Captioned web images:
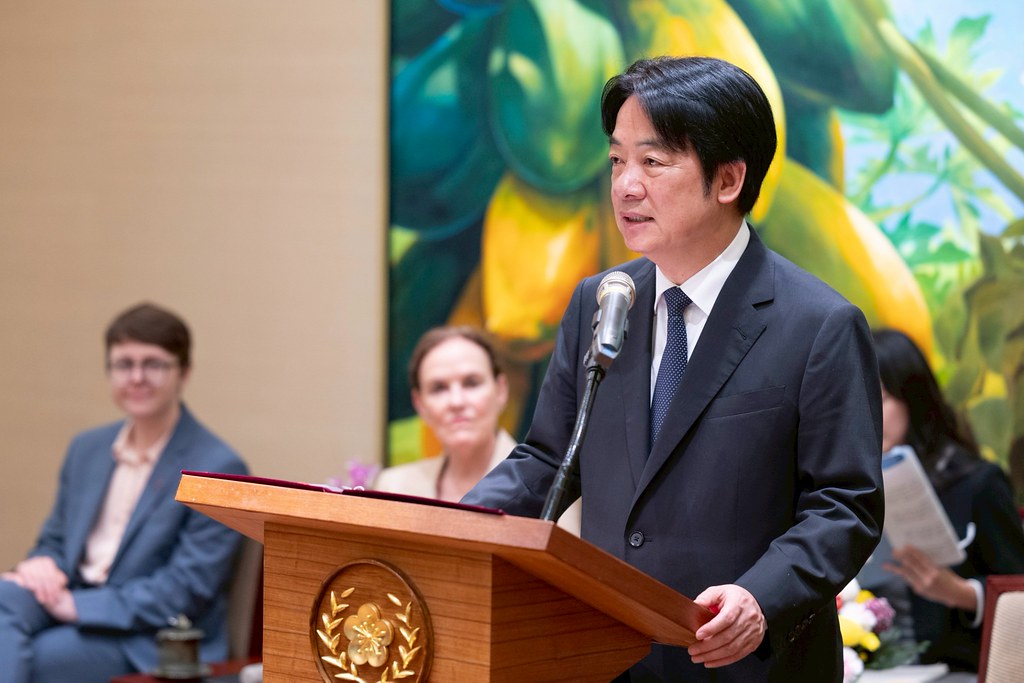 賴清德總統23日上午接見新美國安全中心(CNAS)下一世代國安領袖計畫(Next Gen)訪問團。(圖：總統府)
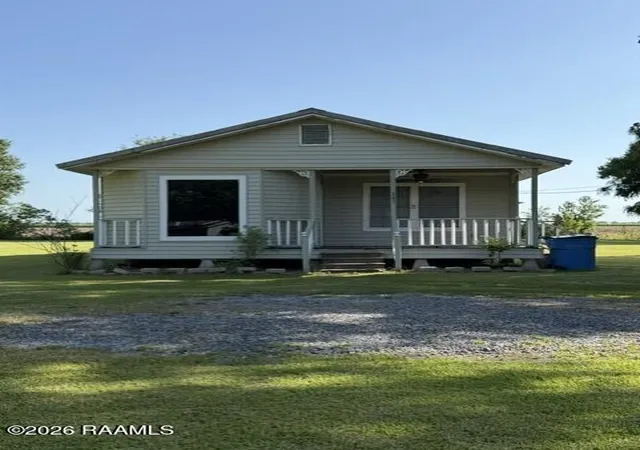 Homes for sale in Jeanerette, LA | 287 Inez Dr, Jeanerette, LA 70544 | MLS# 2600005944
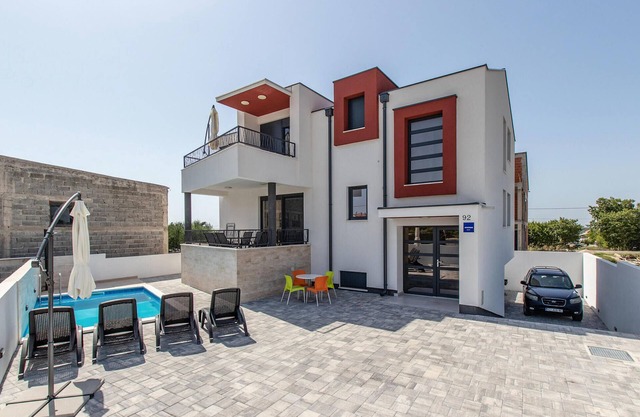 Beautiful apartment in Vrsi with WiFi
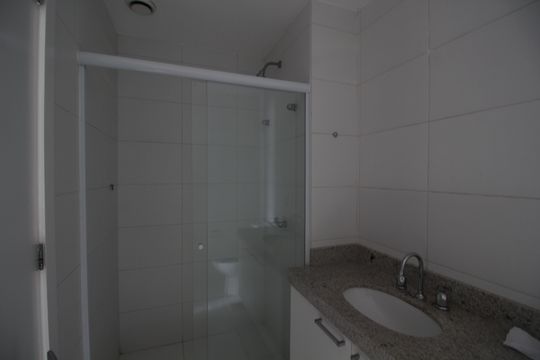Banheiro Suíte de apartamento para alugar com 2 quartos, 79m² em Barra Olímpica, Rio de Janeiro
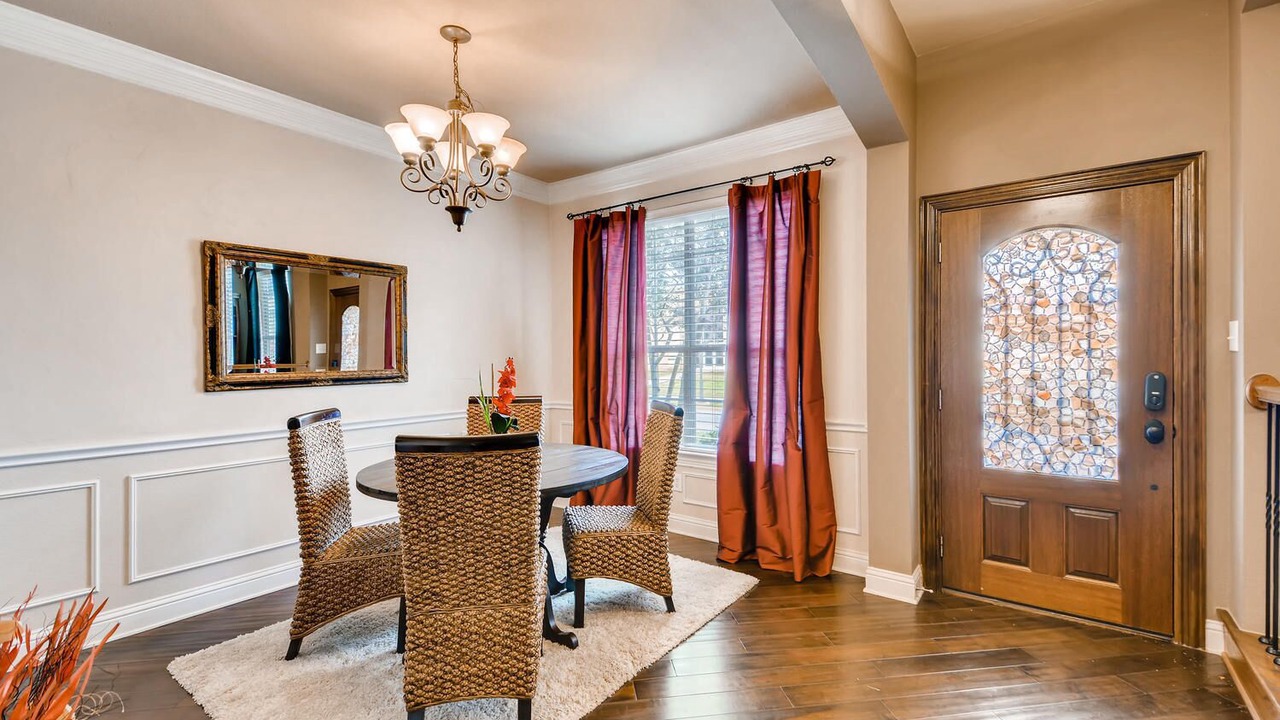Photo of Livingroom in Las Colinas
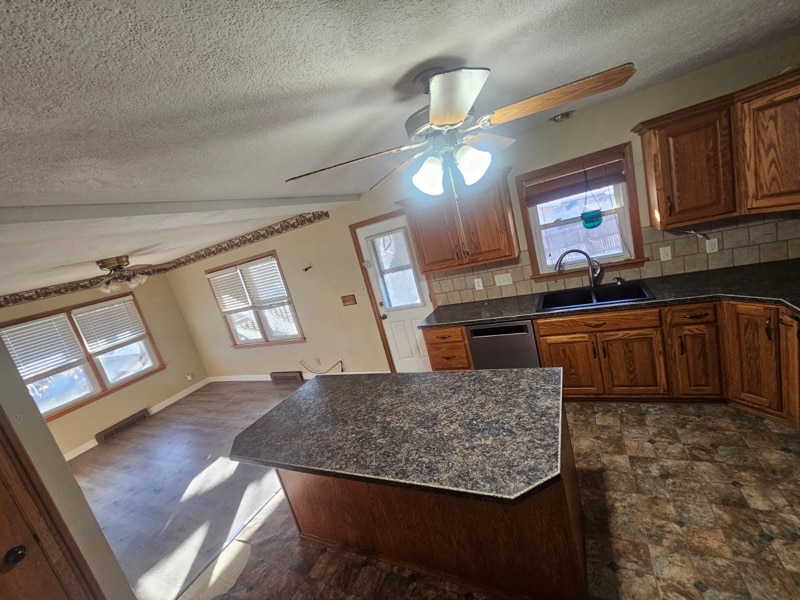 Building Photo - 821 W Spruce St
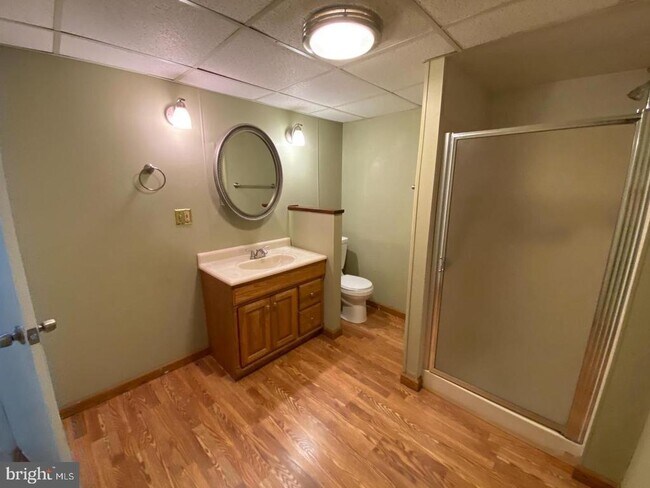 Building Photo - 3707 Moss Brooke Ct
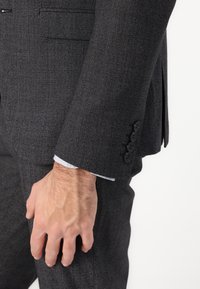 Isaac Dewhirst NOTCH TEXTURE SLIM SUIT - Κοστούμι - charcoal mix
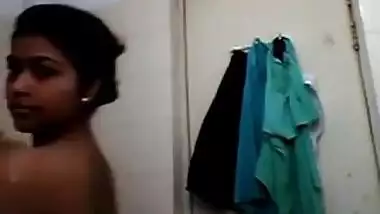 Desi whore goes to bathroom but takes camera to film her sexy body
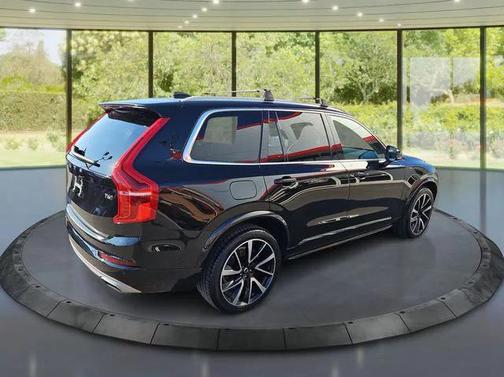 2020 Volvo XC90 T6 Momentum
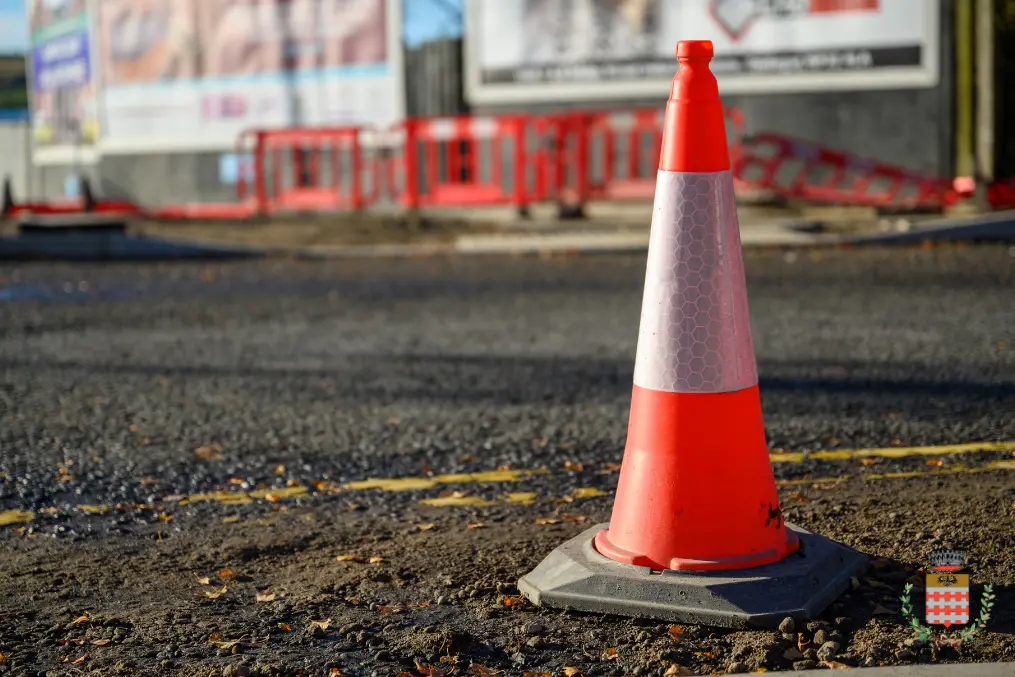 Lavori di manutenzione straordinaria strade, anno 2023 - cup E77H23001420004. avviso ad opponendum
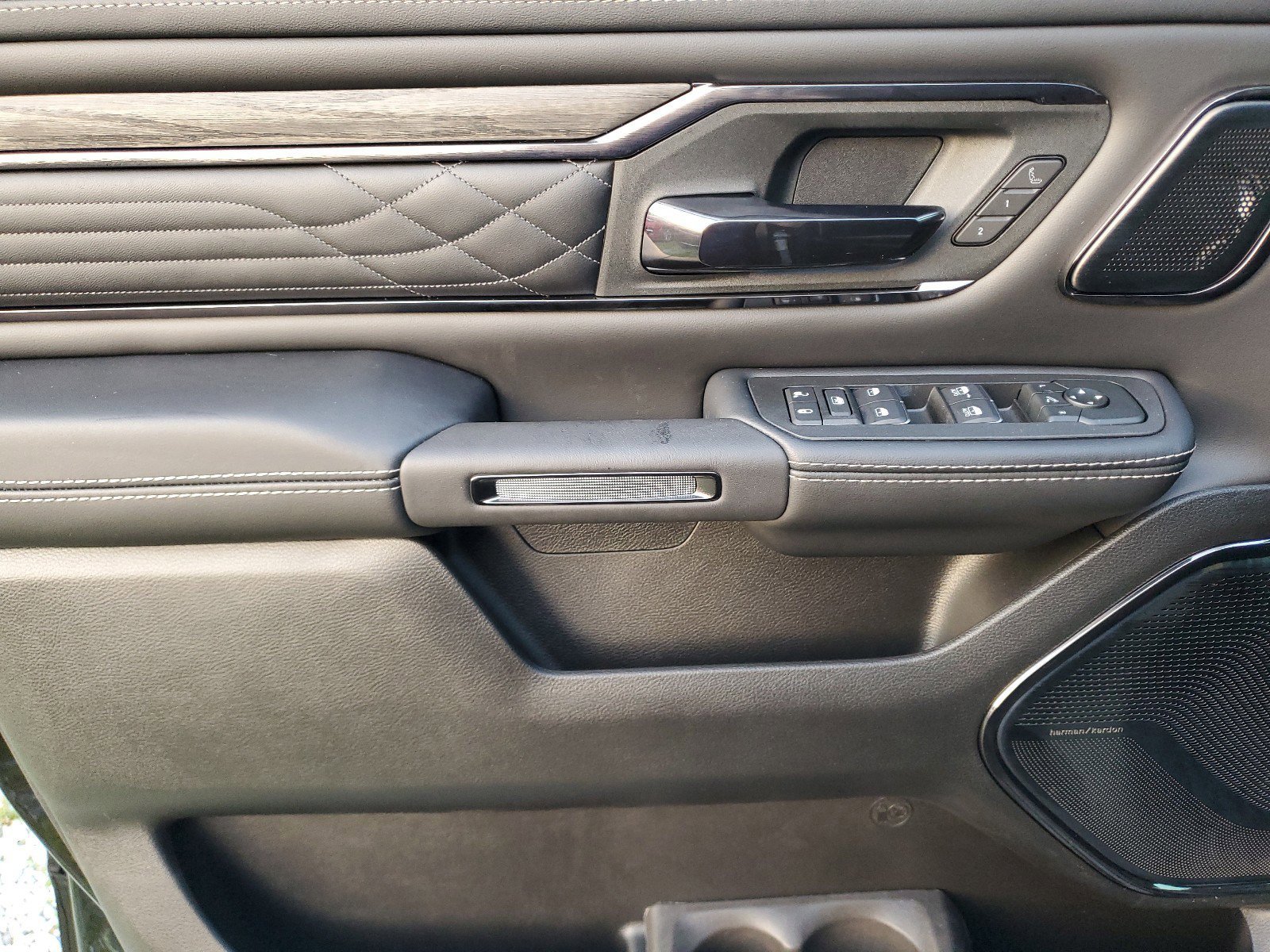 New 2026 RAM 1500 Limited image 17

Your goal:
For this task, give again exactly the lines from the line with "Lavori di manutenzione" through the end of the entries, including both ends, and omit the pictures.

Result below:
 Lavori di manutenzione straordinaria strade, anno 2023 - cup E77H23001420004. avviso ad opponendum
 New 2026 RAM 1500 Limited image 17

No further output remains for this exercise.